What you return must match the listing below character for character, minus any pictures.

--- INFORMATION PROVIDED ---

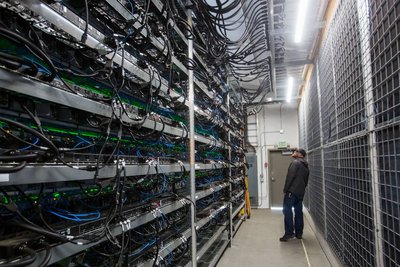 A photograph showcasing a large-scale Bitcoin mining farm with rows of mining rigs and optimized network infrastructure.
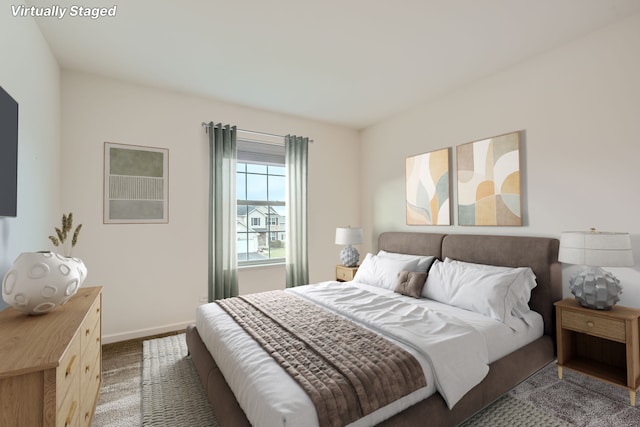 carpeted bedroom featuring baseboards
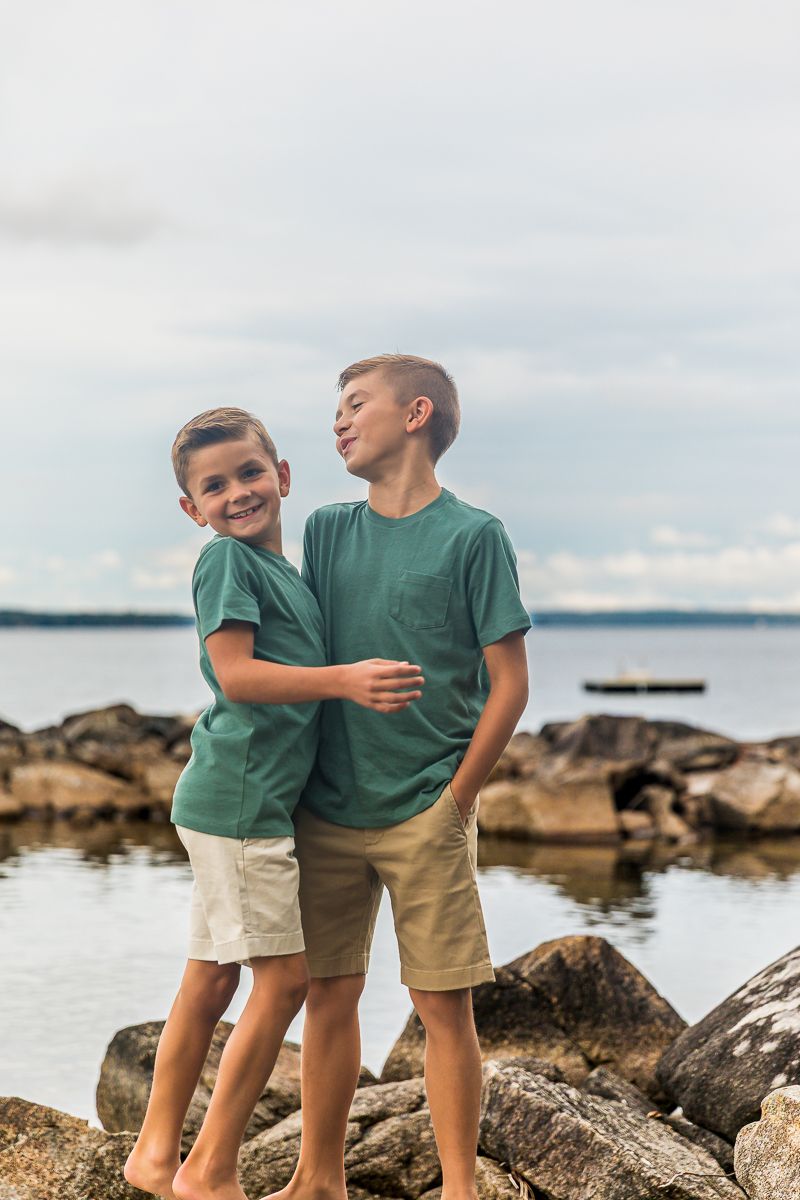 Two kids in identical outfits share a playful moment while standing on coastal rocks by the water.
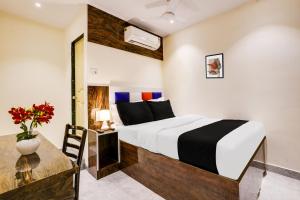 Postel nebo postele na pokoji v ubytování Hotel Orange Residency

---

→ **RESULT FOR THIS EXERCISE**:
 A photograph showcasing a large-scale Bitcoin mining farm with rows of mining rigs and optimized network infrastructure.
 carpeted bedroom featuring baseboards
 Two kids in identical outfits share a playful moment while standing on coastal rocks by the water.
 Postel nebo postele na pokoji v ubytování Hotel Orange Residency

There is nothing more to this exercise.